Schweinfurt

SPD findet zu wenig Verbündete: Haushaltsanträge abgelehnt

Mehr Geld für pädagogische Hilfskräfte, die Disharmonie, neue Baugebiete und Bäume in der Stadt forderte die SPD. Warum die Mehrheit im Stadtrat dafür nichts übrig hatte.
Es bleibt dabei, die Disharmonie bekommt über die genehmigten 50 000 Euro keine weitere städtische Unterstützung, die SPD scheiterte mit einem erneuten Antrag im Stadtrat. Foto: Gerd Landgraf

Bei den Haushaltsberatungen waren die Schweinfurter Sozialdemokraten mit ihren Anträgen bereits gescheitert, im Stadtrat passierte dies nun vor der Abstimmung zur Haushaltssatzung 2020 wieder. Mit klaren Mehrheiten abgelehnt wurden vier Anträge der SPD. Für pädagogische Hilfskräfte in Schweinfurter Grundschulen wurden die über die bereits im Haushalt stehenden 200 000 Euro hinaus geforderten weiteren 80 000 Euro abgelehnt. Damit wollte man an drei Grundschulen auf Vollzeitkräfte aufstocken.

Ebenfalls abgelehnt wurde der Antrag, die Förderung für die Disharmonie von 50 000 auf 100 000 Euro aufzustocken. Die Disharmonie bietet mit über 200 Veranstaltungen im Jahr das größte Angebot aller Kulturträger in der Stadt. Geschäftsführer Jürgen Dahlke geht in wenigen Jahren in Rente, die Frage, wie man die Disharmonie besser unterstützen und jetzt schon eine Basis für die Zukunft schaffen kann, ist seit Jahren ein Streitpunkt zwischen CSU und der Opposition. So auch dieses Mal wieder, als sich CSU-Rat Klaus Rehberger und SPD-Fraktionsvorsitzender Ralf Hofmann ein Wortgefecht lieferten. Rehberger vermisste eine Begründung für den SPD-Wunsch nach mehr Geld, Hofmann verwies auf die Haushaltsberatungen, wo man sich ausführlich geäußert habe.

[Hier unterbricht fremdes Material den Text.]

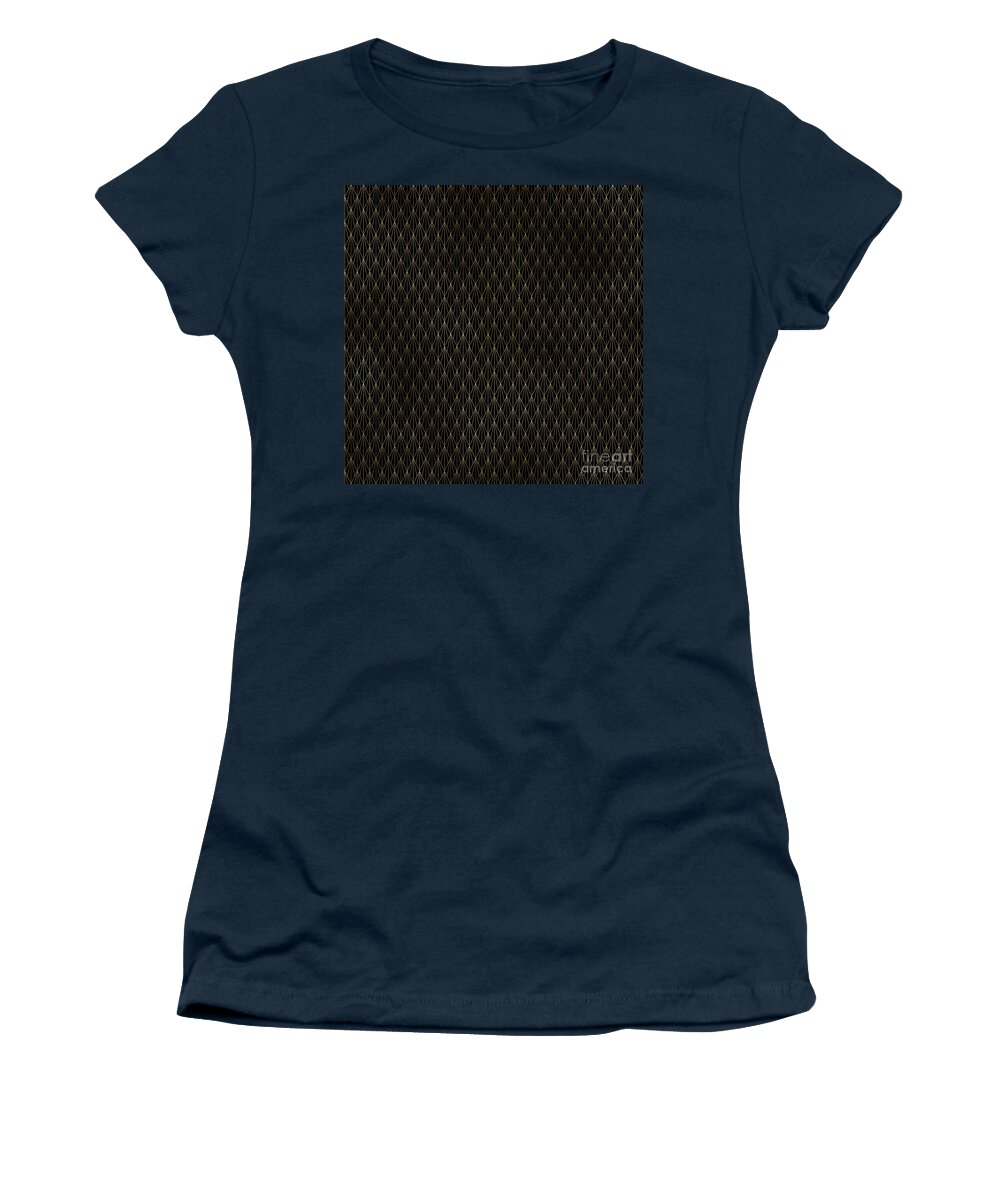 Art Women's T-Shirt featuring the digital art Kristana - Gold Black Art Deco Seamless Pattern by Sambel Pedes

Oberbürgermeister Sebastian Remelé (CSU) sieht "keinen weiteren Zuschussbedarf, da nach unseren Informationen kein Defizit erzeugt wird". Er wisse um die Problematik, "wir sollten uns aber erst mit der Personalie beschäftigen, wenn sie akut ist". Der SPD-Antrag wurde denn auch mit 25:17 Stimmen abgelehnt.

Baugebiete Pfannäcker und Mönchskutte erst in einigen Jahren

Ebenfalls abgelehnt wurde der Antrag, die Innenstadt zu begrünen inklusive eines Spaßbrunnens am Zeughausplatz sowie der Antrag, 200 000 Euro Planungskosten im Haushalt für die Entwicklung der Neubaugebiete Pfannäcker und Mönchskutte einzustellen. Baureferent Ralf Brettin sieht keinen Grund dafür und verwies auf die im Stadtrat abgestimmte Reihenfolge: Erst wird im Rahmen der Landesgartenschau 2026 das Kesslerfield zum Wohngebiet entwickelt, dann die Pfannäcker, wo es bisher keinen Flächennutzungsplan gibt, danach die Mönchskutte. Er halte es grundsätzlich angesichts der Neubaugebiete in Bellevue und Kesslerfield für schwer vermittelbar gegenüber der Regierung von Unterfranken, jetzt schon mit Pfannäcker und Mönchskutte zu beginnen.

Ulrike Schneider (Schweinfurter Liste/Freie Wähler) fragte an, ob für die Finanzierung des Tierheims nach dem Gespräch mit den Verantwortlichen am 21. November mehr Geld bereit gestellt werde. Ordnungsreferent Jan von Lackum erklärte, dies werde erst dann erfolgen, wenn der Bedarf tatsächlich nachgewiesen sei. Die Unterlagen müssen von Seiten des Tierheims in Schwebheim aber erst vorgelegt werden.

Ebenfalls keinen Bedarf, Geld für Planungskosten in den Haushalt zu stellen, sieht die Verwaltung bei Schneiders Nachfrage zum Thema Wald-Neupflanzung. Ralf Brettin erläuterte, dass das städtische Forstamt sich intensiv mit dem Plan beschäftige, neuen Wald anzupflanzen, entweder südlich von Oberndorf oder auf der ehemaligen Schießanlage am Schießhaus. Gleichwohl werde es ein langwieriger Genehmigungsprozess.